Conceptual Physics (12th Edition)

Unlike in the classical formula, p = mv, the increase in a particle's relativistic momentum, $p = \gamma mv$, does not depend in a linear fashion upon its speed.
The relativistic formula for momentum, $p = \gamma mv$, is greater than the classical formula $p = mv$. This shows that the relativistic momentum increases with $\gamma$, not linearly with speed. Near v = c, the momentum increases at a faster rate (percentage-wise) than speed so a 5 percent increase in momentum for a 1 percent increase in speed is quite possible.
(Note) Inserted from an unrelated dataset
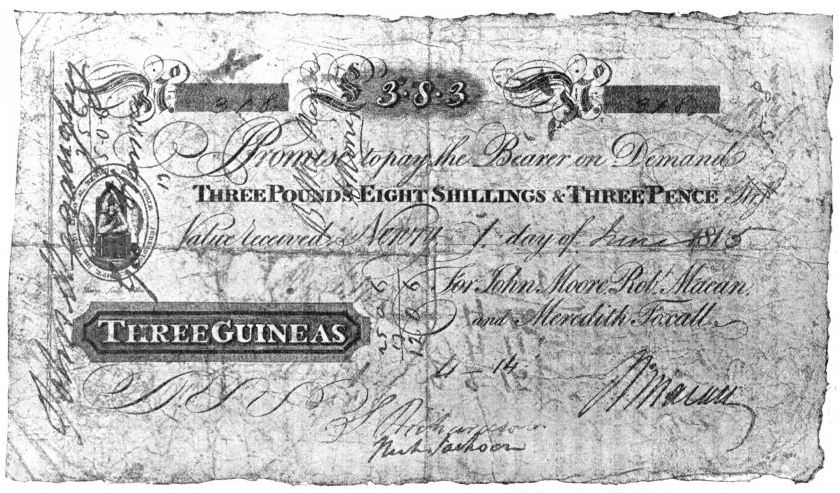 John Moore's & Co. Newry Bank 3 Guineas 1st June 1815.jpg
Here is the numerical proof. Let v = 0.907c. Find $\gamma$ at v = 0.907c. It is $\frac{1}{\sqrt{1-v^{2}/c^{2}}}$, or $\frac{1}{\sqrt{1-0.907^{2}}}$, which is 2.37. Now let the speed v increase by 1 percent. v = 0.916c Find $\gamma$ at v = 0.916c. It is $\frac{1}{\sqrt{1-v^{2}/c^{2}}}$, or $\frac{1}{\sqrt{1-0.916^{2}}}$, which is 2.49. With a 1 percent increase in speed, the factor $\gamma$ has increased by 5 percent, and so has the momentum.